- _Problem requirements_
From the records below, output exactly the lines running from the line containing "Poznańskie Targi Wolontariatu." through the line containing "Mary Jane flats", and no others.

= Beginning of Section =

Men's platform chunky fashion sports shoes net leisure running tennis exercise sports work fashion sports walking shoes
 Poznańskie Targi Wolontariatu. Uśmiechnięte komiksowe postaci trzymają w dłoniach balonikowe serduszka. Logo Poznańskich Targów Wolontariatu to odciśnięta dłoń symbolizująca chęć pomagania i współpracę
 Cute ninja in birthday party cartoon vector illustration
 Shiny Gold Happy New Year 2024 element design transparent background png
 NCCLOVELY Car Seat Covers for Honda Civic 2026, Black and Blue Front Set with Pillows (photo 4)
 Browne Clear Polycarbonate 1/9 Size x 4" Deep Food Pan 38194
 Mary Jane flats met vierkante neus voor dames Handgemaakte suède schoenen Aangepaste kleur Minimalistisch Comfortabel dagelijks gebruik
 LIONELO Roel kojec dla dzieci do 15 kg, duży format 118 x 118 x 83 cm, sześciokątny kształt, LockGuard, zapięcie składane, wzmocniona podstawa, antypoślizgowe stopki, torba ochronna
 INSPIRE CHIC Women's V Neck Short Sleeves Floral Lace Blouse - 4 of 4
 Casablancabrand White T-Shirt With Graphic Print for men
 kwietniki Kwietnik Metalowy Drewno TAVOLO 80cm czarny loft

= End of Section =

- _Task response_
 Poznańskie Targi Wolontariatu. Uśmiechnięte komiksowe postaci trzymają w dłoniach balonikowe serduszka. Logo Poznańskich Targów Wolontariatu to odciśnięta dłoń symbolizująca chęć pomagania i współpracę
 Cute ninja in birthday party cartoon vector illustration
 Shiny Gold Happy New Year 2024 element design transparent background png
 NCCLOVELY Car Seat Covers for Honda Civic 2026, Black and Blue Front Set with Pillows (photo 4)
 Browne Clear Polycarbonate 1/9 Size x 4" Deep Food Pan 38194
 Mary Jane flats met vierkante neus voor dames Handgemaakte suède schoenen Aangepaste kleur Minimalistisch Comfortabel dagelijks gebruik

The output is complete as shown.